Record extracts ▸

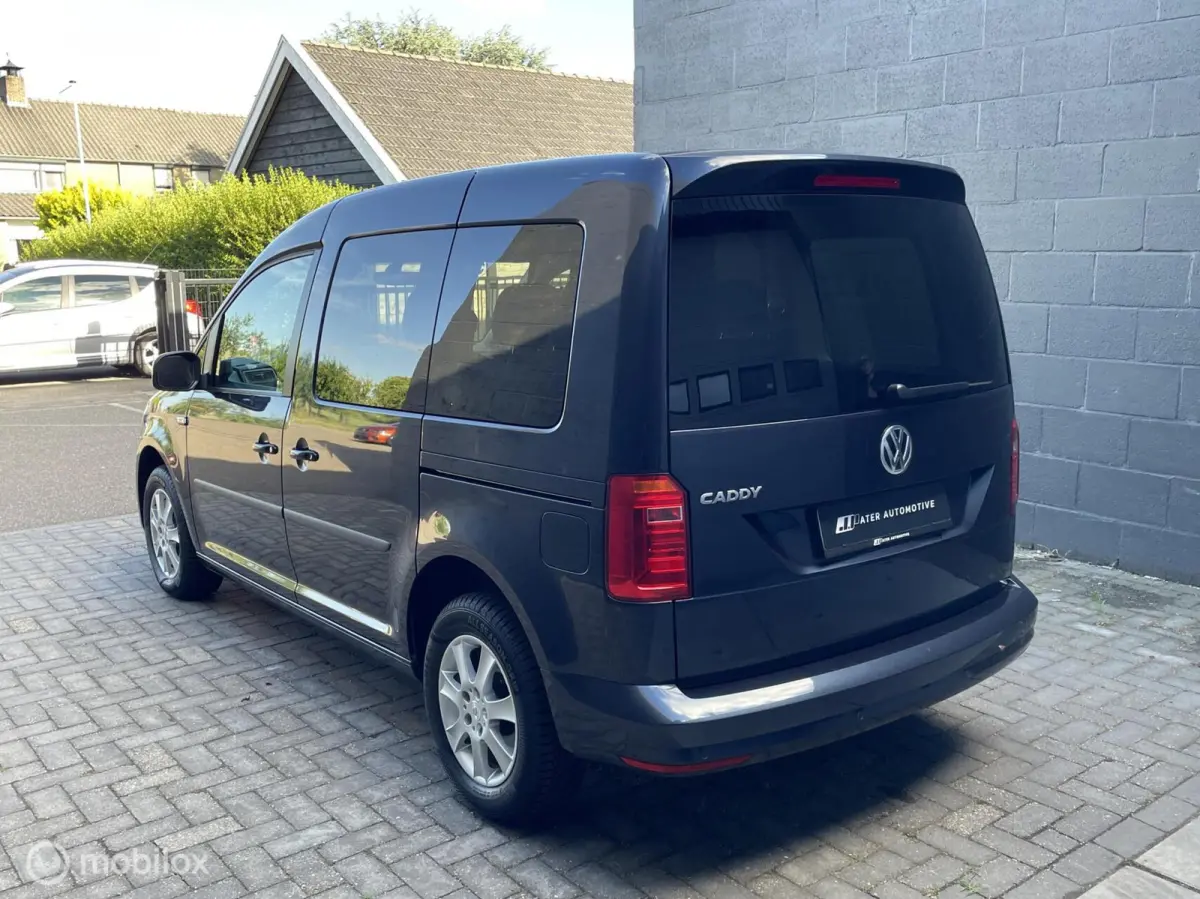 1.0 TSI | AIRCO | 2x Schuifdeur | All-season | Cruise | Stoelverwarming | Lage KM-stand |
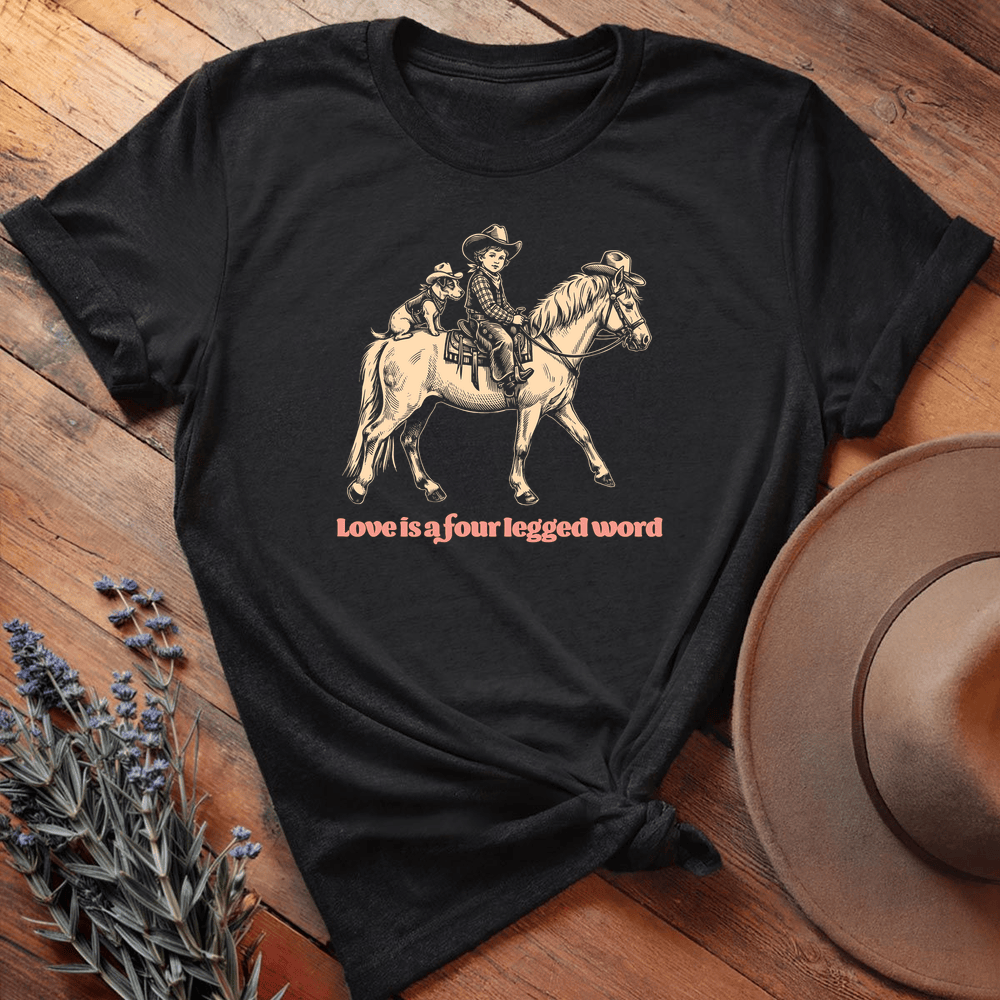 Vintage Horse Dog 8 - Black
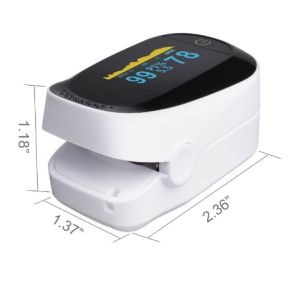 Class II OLED Display Oxygen Pulse Oximeter With 3mmHg Accuracy
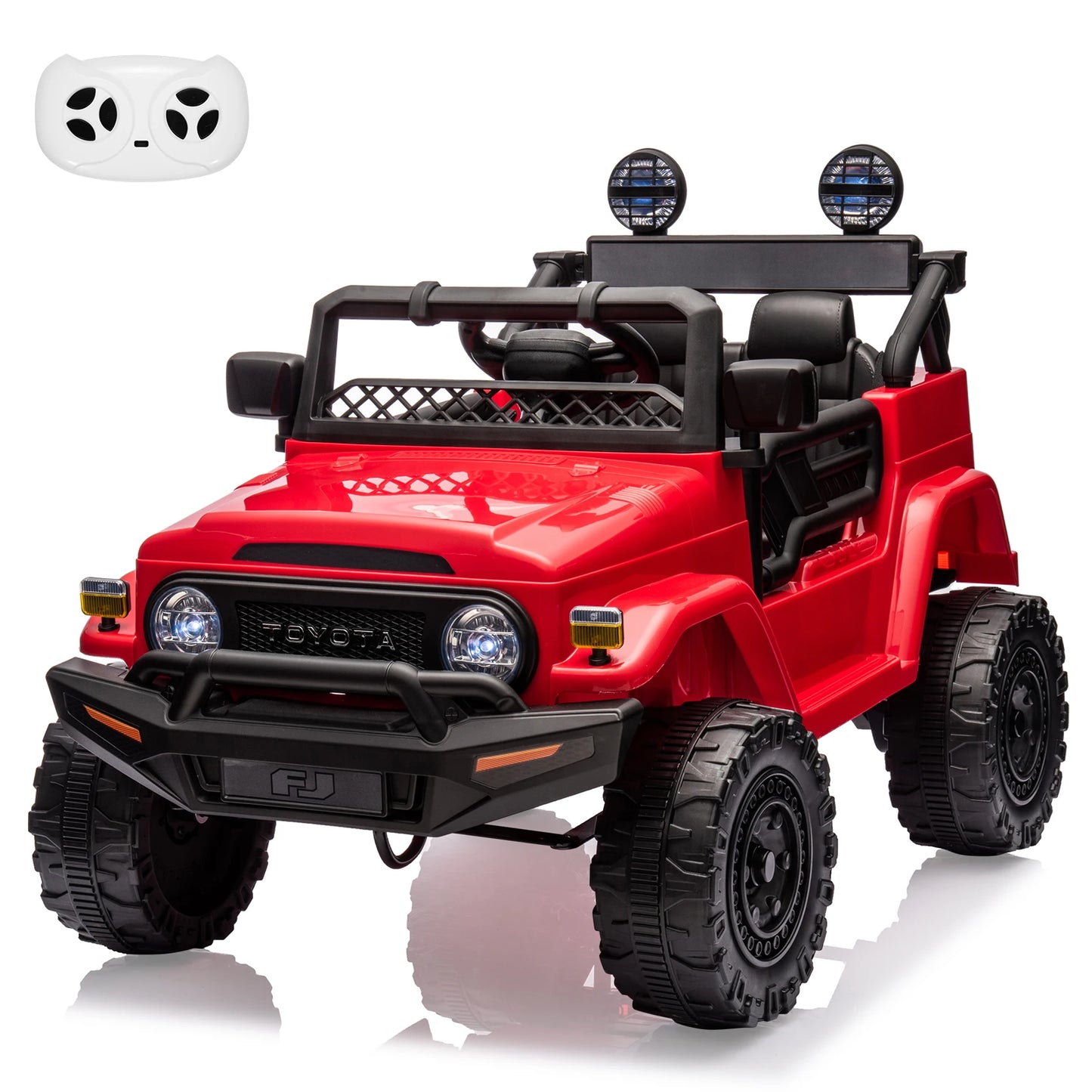 HiMIS Toyota Licensed 12V Electric Ride On Truck For Kids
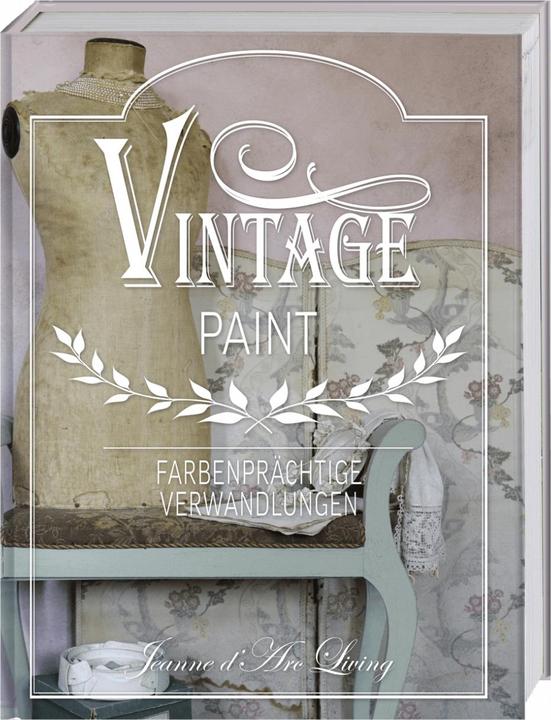 Produktbild Vintage Paint (Deutsch, frechverlag, 2016)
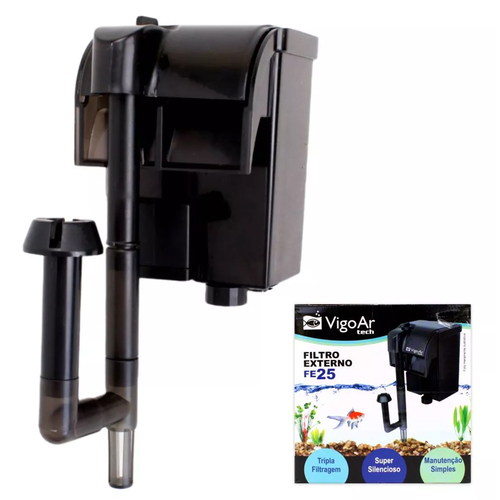 Filtro Externo Vigo Ar tech Fe 25 - 250 L/h - 127v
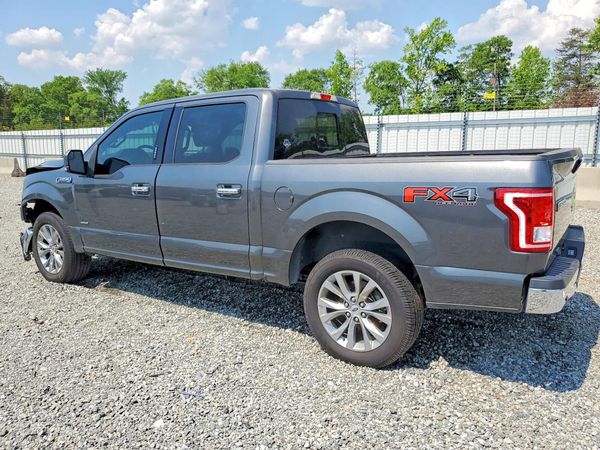 2017 FORD F150 SuperCrew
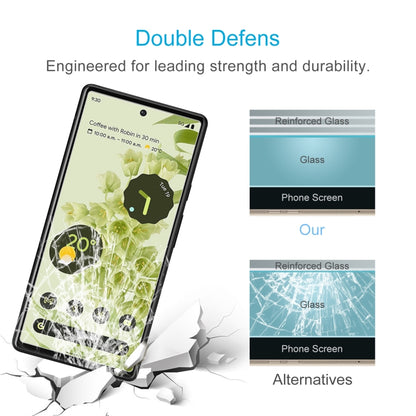 0.26mm 9H 2.5D Tempered Glass Film For Google Pixel 6a by DIYLooks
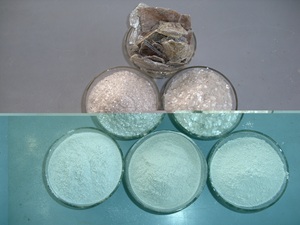 Muscovite Mica Flakes is a natural mineral name given to a group of minerals that are <b>physically</b> and chemically similar - Product Image 2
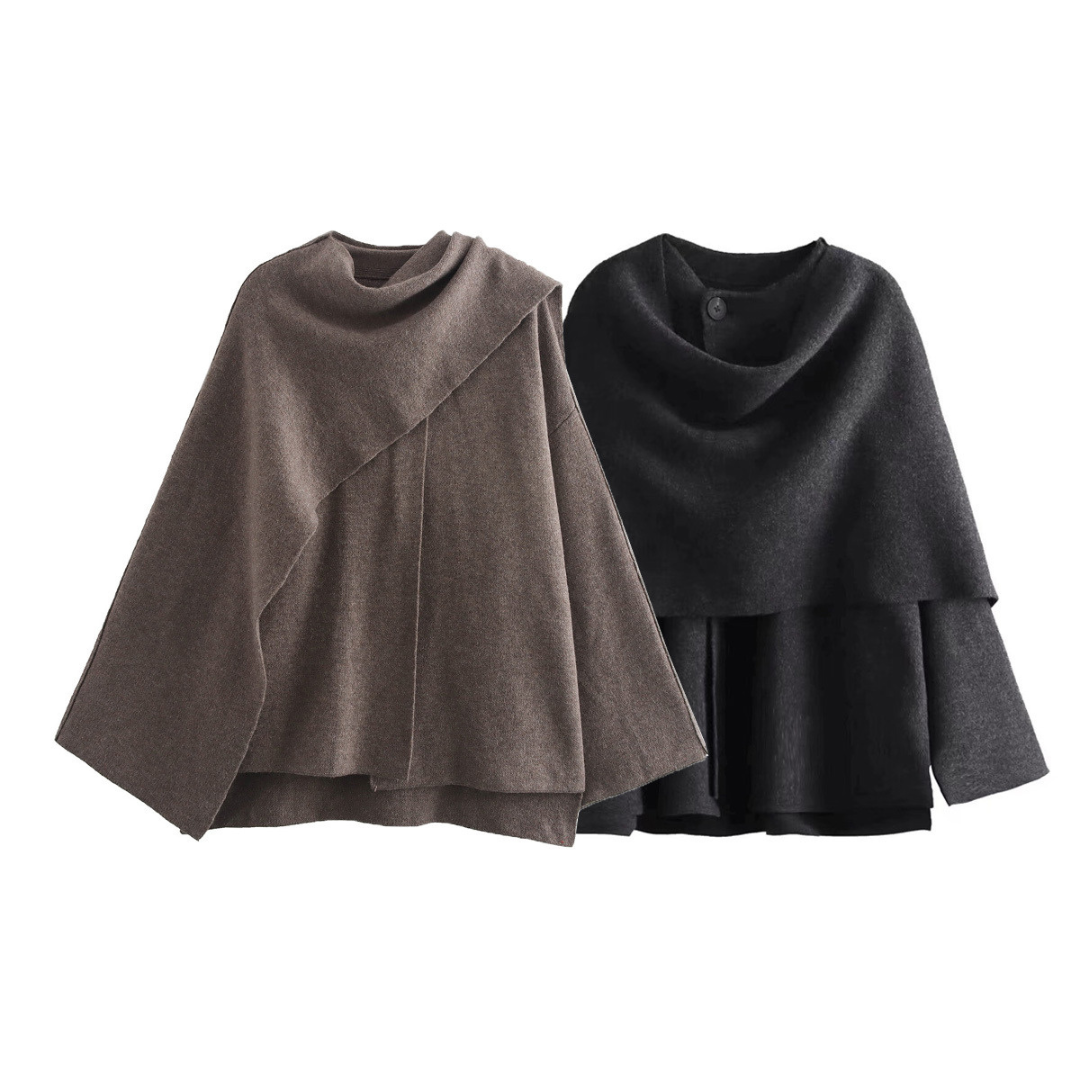 MAYA | CAPE COAT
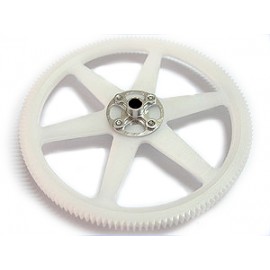 Molded Main Gear/Aluminum Hub - BLADE SR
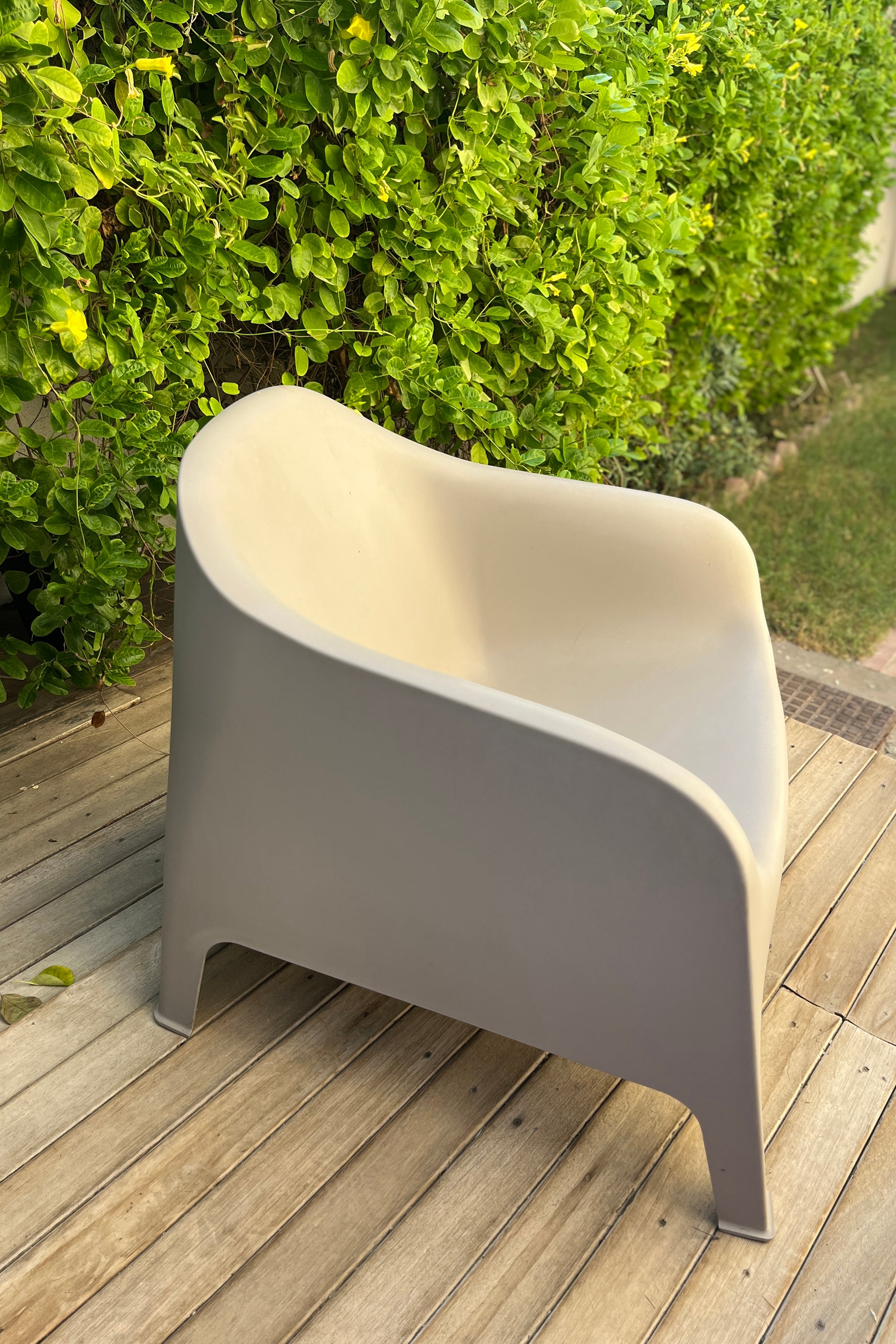 Armchair Outdoor (Beige)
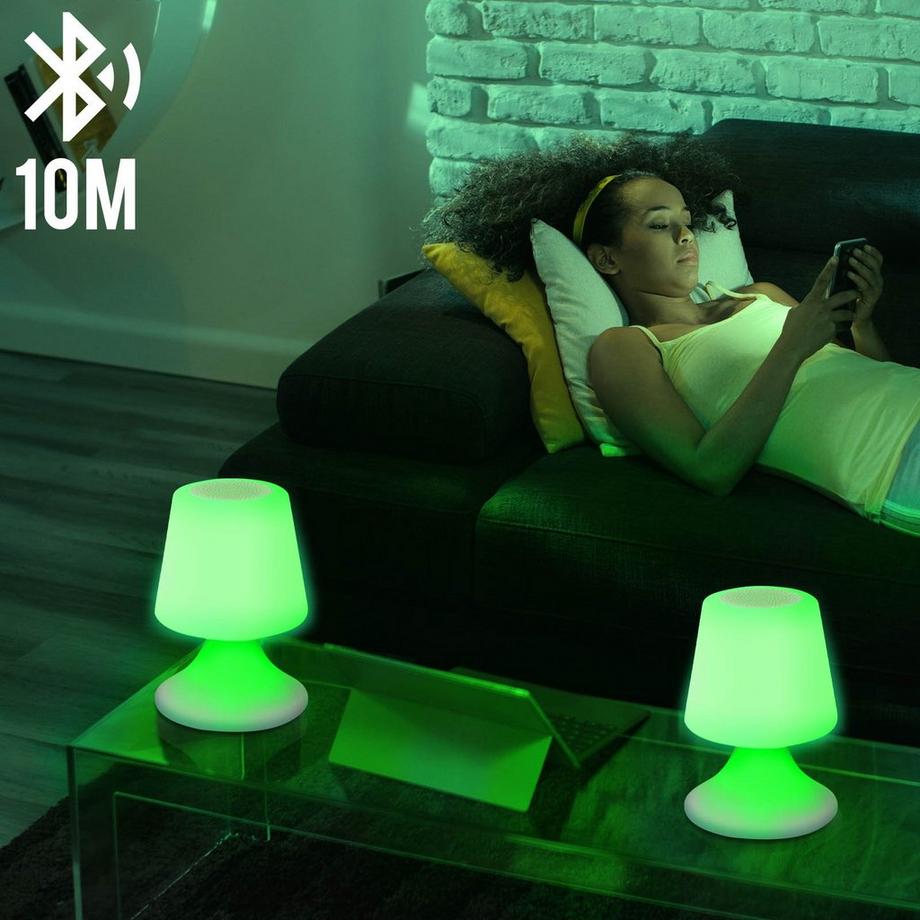 Avizar  Duo Lampade Interconnesse Neon Bluetooth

Problem details ▸ Please, without any pictures, write out exactly the lines of the listing from its first line through the line that holds "0.26mm 9H 2.5D", ends included, and nothing beyond them.

Result ▸
 1.0 TSI | AIRCO | 2x Schuifdeur | All-season | Cruise | Stoelverwarming | Lage KM-stand |
 Vintage Horse Dog 8 - Black
 Class II OLED Display Oxygen Pulse Oximeter With 3mmHg Accuracy
 HiMIS Toyota Licensed 12V Electric Ride On Truck For Kids
 Produktbild Vintage Paint (Deutsch, frechverlag, 2016)
 Filtro Externo Vigo Ar tech Fe 25 - 250 L/h - 127v
 2017 FORD F150 SuperCrew
 0.26mm 9H 2.5D Tempered Glass Film For Google Pixel 6a by DIYLooks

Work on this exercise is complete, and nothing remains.